Goodyear stock has been slowly climbing up the charts since dropping to a March 19, 11-year-low of $4.09. Shares have added nearly 50% in the past nine months, with support from the equity's 60-day moving average in recent weeks. Plus, GT just broke north of recent pressure at its $11 mark to touch its highest level since mid-February. 

Analysts were pessimistic toward the security coming into today, leaving plenty of room for additional upgrades moving forward. Of the eight in question, six carried tepid "hold" or worse rating. Meanwhile, the stock's 12-month consensus target price of $12.11 is a 6.5% premium to current levels. 
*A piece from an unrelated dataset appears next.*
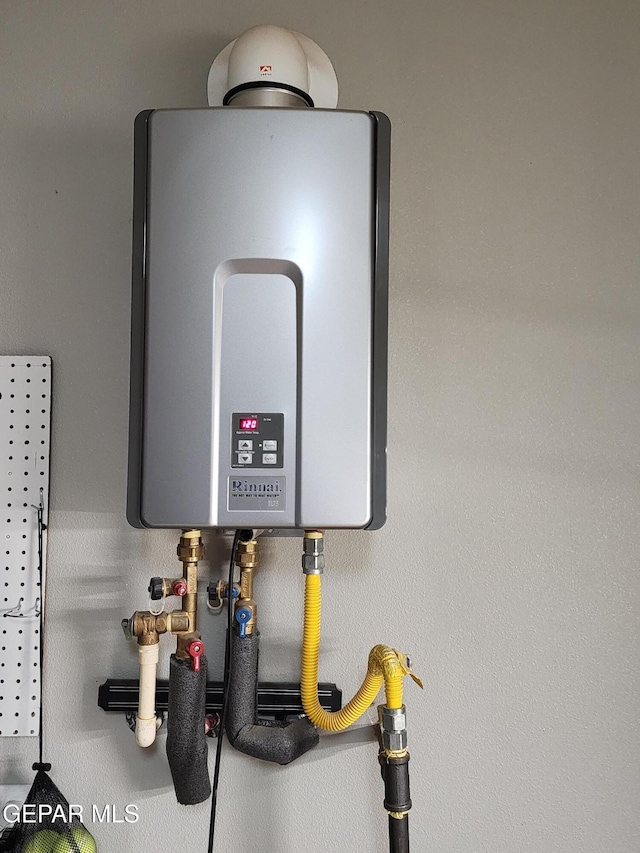 utility room featuring water heater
The options pits lean overwhelmingly bullish, though. This is per Goodyear stock's 50-day call/put volume ratio of 22.10 at the International Securities Exchange (ISE), Cboe Options Exchange (CBOE), and NASDAQ OMX PHLX (PHLX), which sits higher than 94% of readings from the past year. This means calls are being picked up at a faster-than-usual pace. 

Today's options activity has already exploded, with 5,625 calls and 378 puts across the tape so far, which is five times the intraday average with volume running in  the 98th annual percentile. The weekly 1/22 12-strike call is by far the most popular, followed by the weekly 1/8 11-strike call, which expires this evening. 

There's still room to weight in on GT's next move with options. The stock's Schaeffer's Volatility Index (SVI) of 56% sits in the extremely low 6th percentile of its annual range, indicating that the equity sports attractively priced premiums at the moment.